-- Opening Marker --

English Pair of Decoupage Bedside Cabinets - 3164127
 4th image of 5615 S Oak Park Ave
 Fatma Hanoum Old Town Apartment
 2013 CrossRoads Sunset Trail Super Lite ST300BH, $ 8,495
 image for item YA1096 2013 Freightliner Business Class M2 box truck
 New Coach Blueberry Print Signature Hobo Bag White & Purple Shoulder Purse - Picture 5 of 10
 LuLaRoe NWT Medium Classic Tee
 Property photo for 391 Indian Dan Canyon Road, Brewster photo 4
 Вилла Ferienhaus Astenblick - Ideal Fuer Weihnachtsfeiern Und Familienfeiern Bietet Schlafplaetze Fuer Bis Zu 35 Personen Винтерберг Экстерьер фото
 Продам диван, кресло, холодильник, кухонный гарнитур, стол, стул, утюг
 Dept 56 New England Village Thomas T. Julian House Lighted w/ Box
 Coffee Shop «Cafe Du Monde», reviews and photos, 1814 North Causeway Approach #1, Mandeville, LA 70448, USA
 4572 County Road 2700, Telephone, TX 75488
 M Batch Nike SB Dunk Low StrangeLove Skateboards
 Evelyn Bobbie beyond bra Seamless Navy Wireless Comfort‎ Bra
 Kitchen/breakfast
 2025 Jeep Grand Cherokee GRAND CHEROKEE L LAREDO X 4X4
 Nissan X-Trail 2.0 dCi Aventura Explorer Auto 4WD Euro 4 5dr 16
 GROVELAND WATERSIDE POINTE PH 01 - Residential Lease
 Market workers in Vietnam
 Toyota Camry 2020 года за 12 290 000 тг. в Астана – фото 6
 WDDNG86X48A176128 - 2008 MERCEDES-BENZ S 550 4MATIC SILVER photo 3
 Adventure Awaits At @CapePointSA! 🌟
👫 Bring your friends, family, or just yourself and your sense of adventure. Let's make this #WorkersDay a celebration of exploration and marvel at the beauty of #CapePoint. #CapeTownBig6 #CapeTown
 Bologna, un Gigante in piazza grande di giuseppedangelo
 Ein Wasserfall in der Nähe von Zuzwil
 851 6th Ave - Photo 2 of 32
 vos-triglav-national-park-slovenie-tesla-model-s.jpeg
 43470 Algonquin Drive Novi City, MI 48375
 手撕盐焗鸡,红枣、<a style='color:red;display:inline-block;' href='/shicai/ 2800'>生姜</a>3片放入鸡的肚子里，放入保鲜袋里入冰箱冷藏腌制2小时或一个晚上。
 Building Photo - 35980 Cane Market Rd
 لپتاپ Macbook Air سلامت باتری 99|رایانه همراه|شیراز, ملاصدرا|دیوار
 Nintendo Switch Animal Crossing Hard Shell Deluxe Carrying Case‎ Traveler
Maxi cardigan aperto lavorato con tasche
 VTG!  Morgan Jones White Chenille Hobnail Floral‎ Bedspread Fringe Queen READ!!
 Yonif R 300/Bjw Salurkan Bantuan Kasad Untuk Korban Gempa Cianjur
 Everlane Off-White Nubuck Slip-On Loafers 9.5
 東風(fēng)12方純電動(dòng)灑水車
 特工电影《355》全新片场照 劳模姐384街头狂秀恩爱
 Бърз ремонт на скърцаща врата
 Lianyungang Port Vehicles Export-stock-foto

-- Closing Marker --

Restate word for word only the lines running from the beginning of the data to the line holding "Kitchen/breakfast", both included.

English Pair of Decoupage Bedside Cabinets - 3164127
 4th image of 5615 S Oak Park Ave
 Fatma Hanoum Old Town Apartment
 2013 CrossRoads Sunset Trail Super Lite ST300BH, $ 8,495
 image for item YA1096 2013 Freightliner Business Class M2 box truck
 New Coach Blueberry Print Signature Hobo Bag White & Purple Shoulder Purse - Picture 5 of 10
 LuLaRoe NWT Medium Classic Tee
 Property photo for 391 Indian Dan Canyon Road, Brewster photo 4
 Вилла Ferienhaus Astenblick - Ideal Fuer Weihnachtsfeiern Und Familienfeiern Bietet Schlafplaetze Fuer Bis Zu 35 Personen Винтерберг Экстерьер фото
 Продам диван, кресло, холодильник, кухонный гарнитур, стол, стул, утюг
 Dept 56 New England Village Thomas T. Julian House Lighted w/ Box
 Coffee Shop «Cafe Du Monde», reviews and photos, 1814 North Causeway Approach #1, Mandeville, LA 70448, USA
 4572 County Road 2700, Telephone, TX 75488
 M Batch Nike SB Dunk Low StrangeLove Skateboards
 Evelyn Bobbie beyond bra Seamless Navy Wireless Comfort‎ Bra
 Kitchen/breakfast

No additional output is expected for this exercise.